### Task item
Repeat the lines below exactly as they appear, but leave out the images.

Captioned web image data
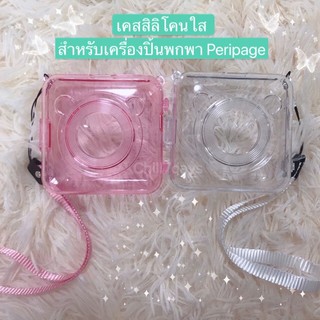 เคสA6 อุปกรณ์เสริม เครื่องปริ้นพกพา Peripage Silicone กันกระแทก กันรอย ซิลิโคน สีขาว ชมพู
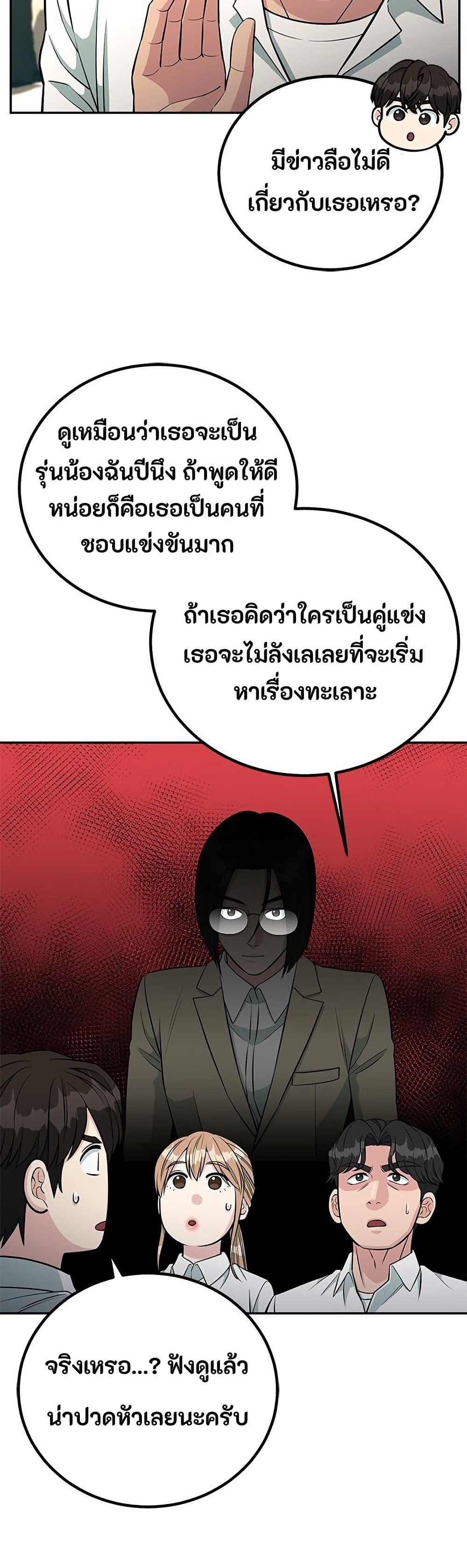 Manga-lc-com อ่านมังงะ อ่านการ์ตูน ออนไลน์ ฟรี Reincarnated as a New Employee ตอนที่ 1 2 3 4 5 6 7 8 9 10 11 12 13 14 ฟรี ไม่มีโฆษณา Manga-lc - อ่าน มังงะ อ่าน การ์ตูน ออนไลน์ อ่านมังงะ ฟรี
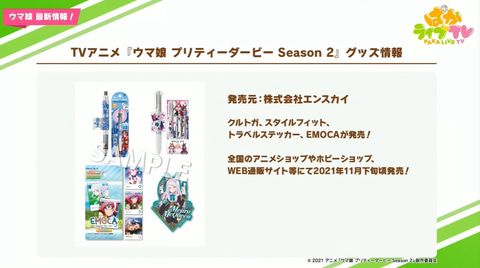 ウマ娘 シンデレラグレイ」第5巻の発売日が決定！ グッズ情報も多数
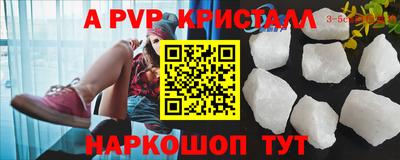 прущий лед Апшеронск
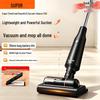 SUPOR Cordless Stick Vacuum and Mop Cleaner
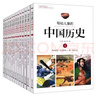 寫(xiě)給兒童的中國歷史陳衛平全套14冊中華上下五千年故事集9-12-13-16歲三四五六年級上下五千年 曬單實(shí)拍圖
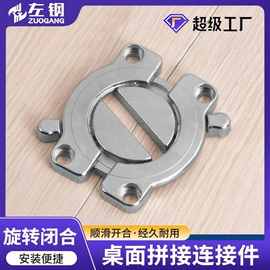 家具五金;桌面插座;家具锁办公锁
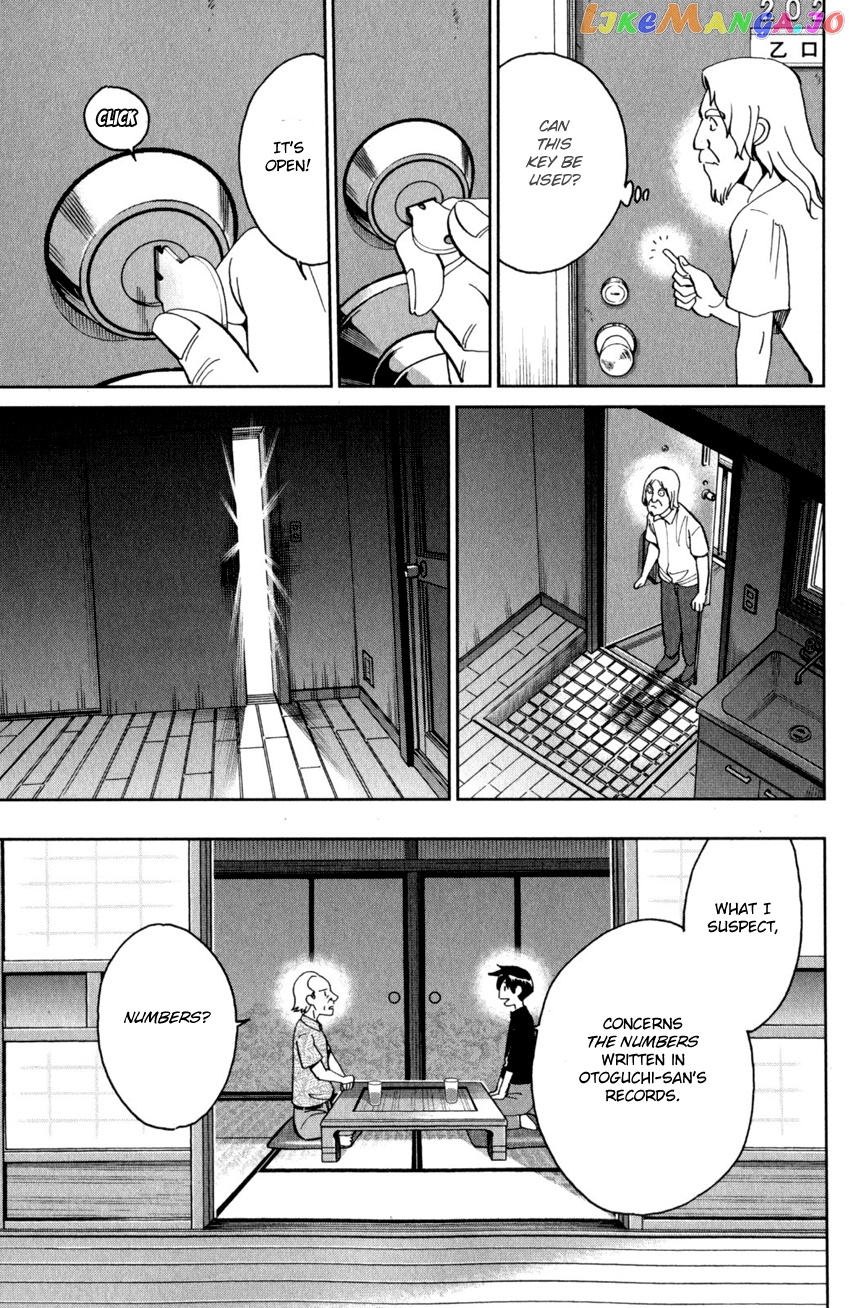 Q.e.d. Iff – Shoumei Shuuryou chapter 27 - page 86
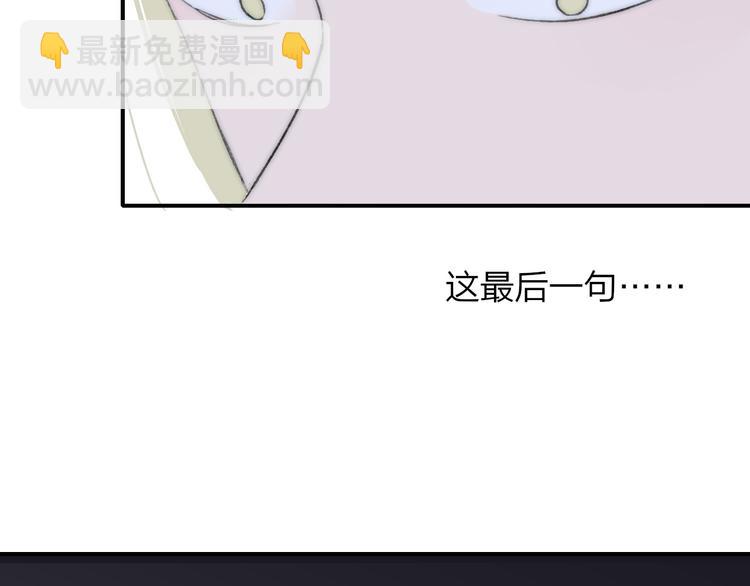 同學關係？ - 番外 鵠棲嵐（4）(2/2) - 2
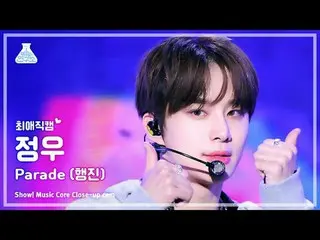 NCT_ _  127_ _  JUNGWOO - Parade(NCT一日チョンウ - 行進)ショー！ MusicCore | MBC231014放送#NCT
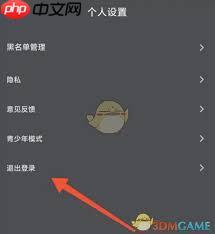 picopico如何注销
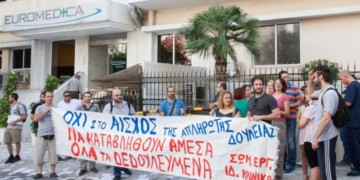 Οι χρεοκοπίες και πώς να τις αντιμετωπίσουμε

### Answer to the problem
 เคสA6 อุปกรณ์เสริม เครื่องปริ้นพกพา Peripage Silicone กันกระแทก กันรอย ซิลิโคน สีขาว ชมพู
 Manga-lc-com อ่านมังงะ อ่านการ์ตูน ออนไลน์ ฟรี Reincarnated as a New Employee ตอนที่ 1 2 3 4 5 6 7 8 9 10 11 12 13 14 ฟรี ไม่มีโฆษณา Manga-lc - อ่าน มังงะ อ่าน การ์ตูน ออนไลน์ อ่านมังงะ ฟรี
 ウマ娘 シンデレラグレイ」第5巻の発売日が決定！ グッズ情報も多数
 прущий лед Апшеронск
 SUPOR Cordless Stick Vacuum and Mop Cleaner
 寫(xiě)給兒童的中國歷史陳衛平全套14冊中華上下五千年故事集9-12-13-16歲三四五六年級上下五千年 曬單實(shí)拍圖
 家具五金;桌面插座;家具锁办公锁
 Q.e.d. Iff – Shoumei Shuuryou chapter 27 - page 86
 同學關係？ - 番外 鵠棲嵐（4）(2/2) - 2
 NCT_ _  127_ _  JUNGWOO - Parade(NCT一日チョンウ - 行進)ショー！ MusicCore | MBC231014放送#NCT
 picopico如何注销
 Οι χρεοκοπίες και πώς να τις αντιμετωπίσουμε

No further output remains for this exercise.